Wednesday, November 12, 2014

Julie's Journal : The Haunting of Hill House by Shirley Jackson

In the weeks leading up to Halloween, I saw several recommendations for good ghost stories.  Now, I'm not normally a big reader of ghost stories, but I kept seeing The Haunting of Hill House come up as a must read - a classic of the genre.  After reading several reviews and discovering that it has been adapted for film twice since its publication in 1959, I decided to give it a try. 


The story centers around Eleanor Vance.  A woman of 32, she has spent the last eleven years of her life caring for her mother.  After her mother passes away, she is at loose ends and jumps at an invitation to spend a few days at Hill House seeking out psychic phenomena.  After an idyllic drive, Eleanor arrives at the house and is immediately repulsed.  She feels an overwhelming urge to flee, but decides she is simply being a scaredy-cat and makes herself stay.  When she meets the other female guest, Theodora, she feels more comfortable.  With the arrival of the doctor researching the house, and Luke, a member of the family that owns the house, their party is complete. 
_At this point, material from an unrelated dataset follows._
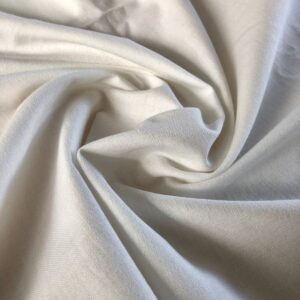Close-up view of soft and absorbent 2-ply organic cotton poplin fabric with a medium drape in a slightly off-white color.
The horror of the story is that the reader never really knows the nature of the evil in the house.  There is no question that there is something evil there, but whether the evil is the house itself or something residing inside is a mystery.  The house itself becomes a malevolent character in the story.  Told from Eleanor's point of view, the reader is forced to follow along as the house (or its supernatural resident) drives her, rather quickly, into madness.  Maybe her years of isolation with her mother made her more susceptible than the others?  Maybe she was already precariously close to madness, and the house just helped her along?  I think both factors contributed to her inability to resist the forces of Hill House.

I enjoyed The Haunting of Hill House.  It was not what I was expecting from a book labeled "horror".  There was an overriding sense of doom, but it wasn't so dark as to give me nightmares.  I found myself thinking about Eleanor long after I had finished the book.  Her motivations are never completely clear, which fuels in part the speculation about why she descended into insanity so easily. 

Jackson wrote several novels and short stories.  Her other well-known story is the short story The Lottery.  It is commonly read by high school students and I remember reading it myself.  Both The Haunting of Hill House and The Lottery are worth taking the time to read.